第１図は、本発明による自然言語処理方式の一実施例を
説明するための構成図、第２図は、候補抽出部の具体例
を示す図、第３図は、接頭語分類と接尾語分類に対する
尤もらしさを示す図、第４図（ａ）、（ｂ）は、前文節
の自立部分類と付属部分類に対する尤もらしさを示す図
、第５図は、前文節の自立部分類との意味・共起部情報
を使用した尤もらしさを示す図、第６図は１前後文節の
情報と一致する文節候補の組み合わせに対する尤もらし
さを示す図、第７図は、候補評価部と合成演算部とのフ
ローチャートを示す図、第８図は、１．５文節について
実施した場合のフローチャートを示す図である。１・・・入力部、２・・・解析処理部、３・・・候補抽
出部、４・・・辞書検索部、５・・・辞書、６・・・候
補評価部、７・・合成演算部、８・・・出力部。FIG. 1 is a block diagram for explaining an embodiment of the natural language processing method according to the present invention, FIG. 2 is a diagram showing a specific example of the candidate extraction section, and FIG. 3 is a diagram showing prefix classification and suffix classification. Figures 4 (a) and (b) are diagrams showing the likelihood of classification, and Figure 4 (a) and (b) are diagrams showing the likelihood of the independent and attached parts of the preceding clause. A diagram showing the likelihood using meaning/co-occurrence part information. Figure 6 is a diagram showing the likelihood for a combination of clause candidates that match the information of the first and previous clauses.
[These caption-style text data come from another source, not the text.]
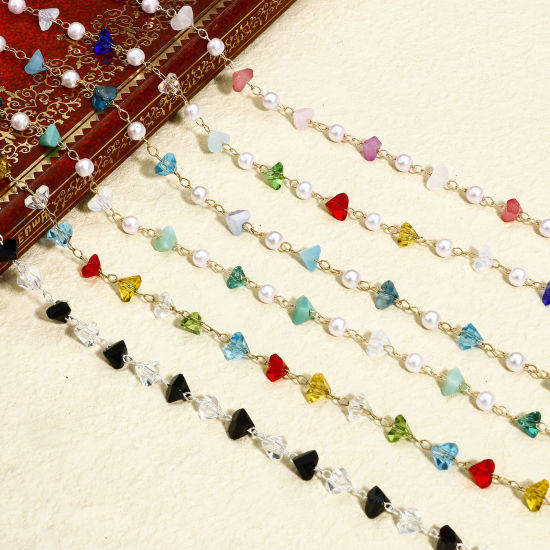 Image de 1 M Chaîne Maille Forçat en Cuivre+Verre Argent Mat Multicolore Irrégulier 6mm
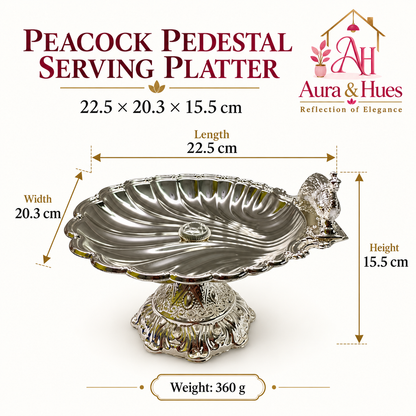 Aura & Hues Elegant Small Footed Round Serving Platter Pedestal Stand with Majestic Peacock Engraving & Nut Bolt Assembly (Silver, 22.5 cm)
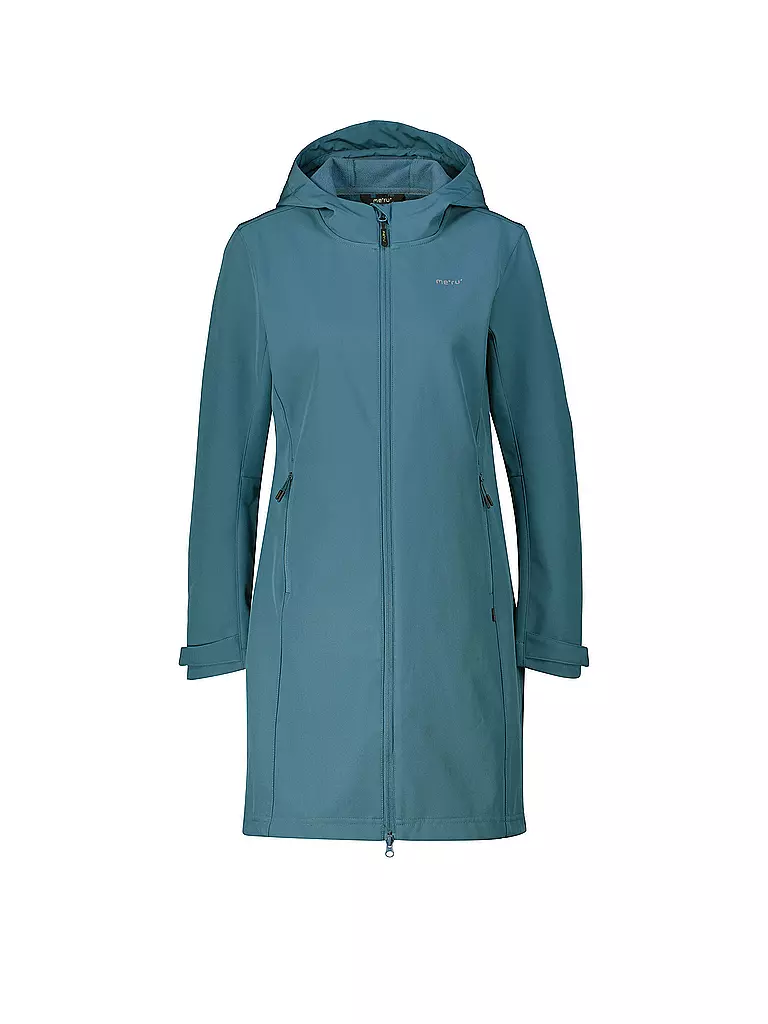 MERU | Damen Winter Softshellmanten Touloluse Hoodie | petrol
Figure 7 is a diagram showing the candidate evaluation unit and the composition calculation unit. FIG. 8 is a diagram showing a flowchart when the process is performed for 1.5 clauses. DESCRIPTION OF SYMBOLS 1... Input unit, 2... Analysis processing unit, 3... Candidate extraction unit, 4... Dictionary search unit, 5... Dictionary, 6... Candidate evaluation unit, 7... Synthesis operation Part, 8... Output part.

Claims

[Scope of Claims] 1. In a kana-kanji conversion process that converts a kana character string into a character string containing kanji and kana using a word dictionary that holds word information, and in a process that determines a clause from a character string,
A natural language processing method that is characterized by assigning plausibility to candidates containing prefixes, independent words, and suffixes based on their meanings and co-occurrence relationships within the independent part of a clause. 2. The natural language processing method according to claim 1, wherein a likelihood is given to a candidate containing the independent part in the clause based on the case relationship between the independent part in the clause and the independent part and attached part of the preceding clause. 3. The natural language processing method according to claim 1, characterized in that based on the relationship of meaning and co-occurrence between the independent part within a clause and the independent part of the preceding clause, likelihood is given to candidates containing the independent part. 4. The natural language processing method according to claim 1, wherein the likelihood of a case relationship between the independent part and the attached part of three consecutive candidates is used for analysis. 5. The natural language processing method according to claim 1, wherein the likelihood of the meaning/co-occurrence relationship of the independent parts of three consecutive candidates is used for analysis. 6. A natural language processing method according to at least one of claims 1 to 5, characterized in that each piece of information including the frequency of words is given a likelihood and used for analysis. 7. At least one of claims 1 to 6, characterized in that a wide variety of information with different dimensions is synthesized between a plurality of phrases to obtain likelihood and accuracy, and based on this, the first phrase is determined. The natural language processing method described in Section 1.